Setelah membayar uang bensin dan mengucapkan terima kasih, METRO meneruskan perjalanan menuju Dusun 3 Saranpuah, Desa Dolok Sagala, Kecamatan Dolok Masihul. Di setiap persimpangan jalan menuju desa itu, dijaga personel Brimob bersenjata laras panjang. Warga juga tampak duduk-duduk di depan rumah masing-masing

Sekitar pukul 13.00 WIB, saat sedang berbicara dengan warga, dari arah perkebunan kelapa sawit terdengar letusan senjata yang kemudian diikuti rentetan letusan senjata. Mudah ditebak, sedang terjadi kontak senjata.

Beberapa personel Brimob terlihat mengokang senjata laras panjang dan berlari menuju barisan pohon kelapa sawit. Petugas berpakaian sipil juga mengeluarkan senpi dan mencari perlindungan di pohon kelapa sawit sambil mencari arah letusan senpi. Sementara warga masuk ke rumah, meskipun ada juga yang tidak takut, bahkan turut menuju lokasi perkebunan.

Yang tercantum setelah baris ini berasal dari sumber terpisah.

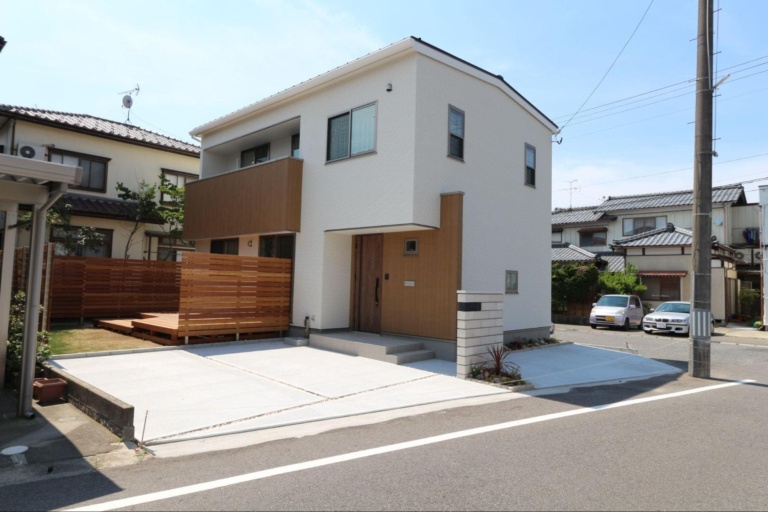 ナチュラルな家の外観事例7選！おしゃれにするポイントや注意点を解説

Suasana saai itu sangat mencekam. Hanya ada suara senjata yang bersahut-sahutan diikuti teriakan-teriakan petugas. Beberapa aparat menyuruh warga masuk ke rumah. Sedangkan METRO berlindung di balik pohon kelapa sawit, dan mencoba mengabadikan petugas yang sedang menembak.

Suara tembakan terdengar semakin jauh. Kemungkinan pasukan Brimob berhasil mendesak kawanan tersebut ke tengah perkebunan. METRO mengikuti polisi yang bergerak maju.
“Hati-hati, Bang, peluru nyasar,” serang polisi mengingatkan METRO. Ia berlindung sekitar tujuh meter dari METRO. Sementara kontak senjata berlangsung sekitar dua jam.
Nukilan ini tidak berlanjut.